■ **GIVEN DATA**:
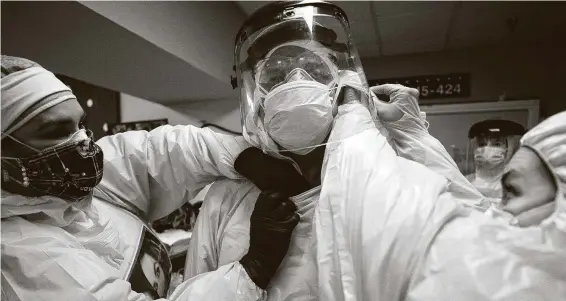  ?? Godofredo A. Vásquez / Staff photograph­er ?? Nurses help Dr. Joseph Varon get into the personal protective equipment required to enter the COVID-19 intensive care unit at United Memorial Medical Center.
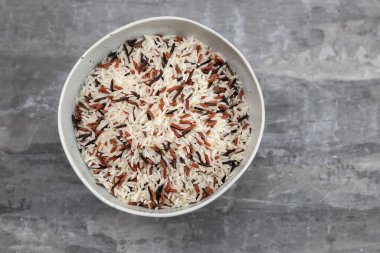 Seramik arka plandaki kasede üç çeşit pilav var.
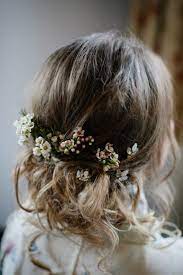 Loose And Rustic Boho Wedding Hair For A Bohemian Bride Some Small Wild Flowers In The Messy Waves Of Bohemian Wedding Hair Boho Wedding Hair Flowers In Hair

■ **TASK ITEM**:
Each line above is to be copied verbatim. Drop any image from the copy.

■ **ANSWER TO THIS EXERCISE**:
  ?? Godofredo A. Vásquez / Staff photograph­er ?? Nurses help Dr. Joseph Varon get into the personal protective equipment required to enter the COVID-19 intensive care unit at United Memorial Medical Center.
 Seramik arka plandaki kasede üç çeşit pilav var.
 Loose And Rustic Boho Wedding Hair For A Bohemian Bride Some Small Wild Flowers In The Messy Waves Of Bohemian Wedding Hair Boho Wedding Hair Flowers In Hair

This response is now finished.